[DATA FOR THIS TASK]
==========

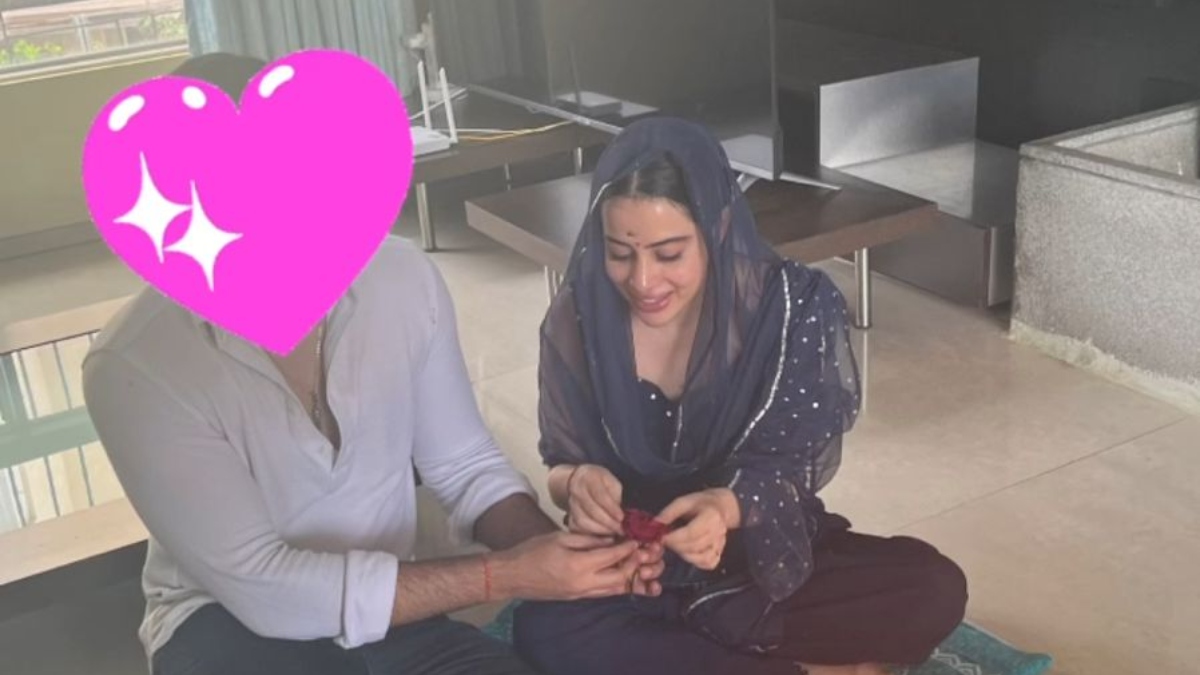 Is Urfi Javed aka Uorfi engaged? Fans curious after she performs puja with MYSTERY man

==========

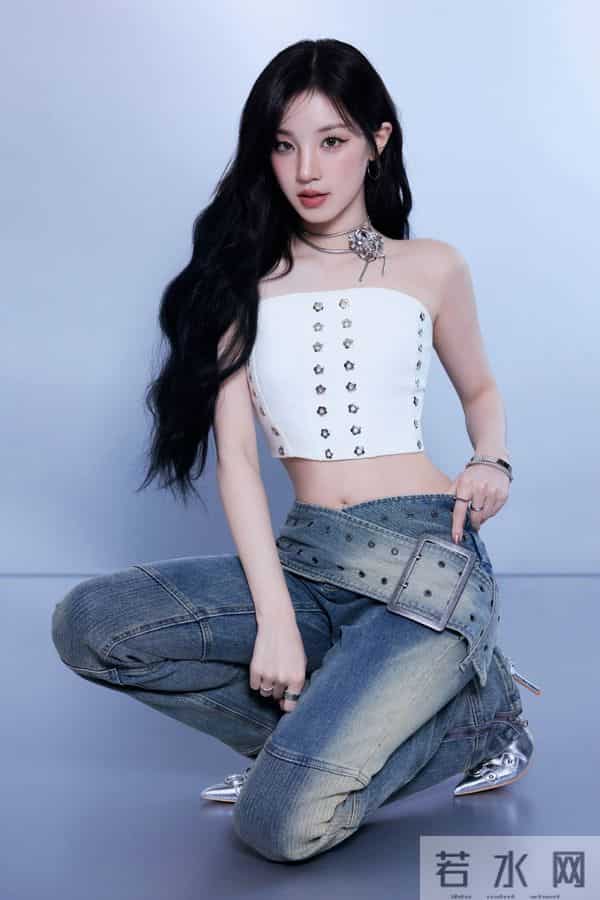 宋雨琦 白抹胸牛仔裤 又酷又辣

==========

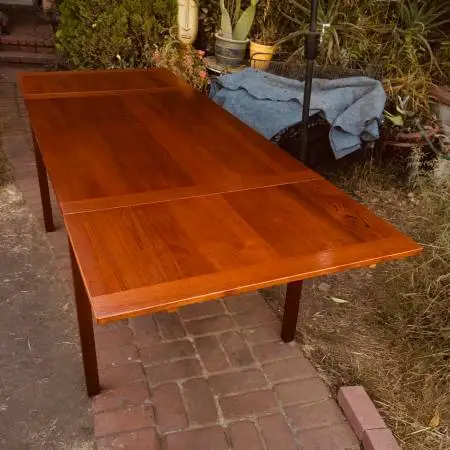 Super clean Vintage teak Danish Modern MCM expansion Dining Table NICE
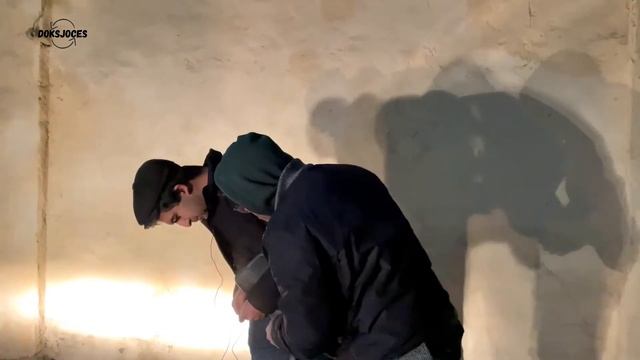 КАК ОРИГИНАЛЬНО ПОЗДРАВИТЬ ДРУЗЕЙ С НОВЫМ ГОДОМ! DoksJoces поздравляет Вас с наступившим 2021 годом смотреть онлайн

==========

[TO DO] Start with the line above containing "Super clean Vintage" and end with the line containing "КАК ОРИГИНАЛЬНО ПОЗДРАВИТЬ". Set down that stretch exactly, without any pictures.

[TASK ANSWER]
 Super clean Vintage teak Danish Modern MCM expansion Dining Table NICE
 КАК ОРИГИНАЛЬНО ПОЗДРАВИТЬ ДРУЗЕЙ С НОВЫМ ГОДОМ! DoksJoces поздравляет Вас с наступившим 2021 годом смотреть онлайн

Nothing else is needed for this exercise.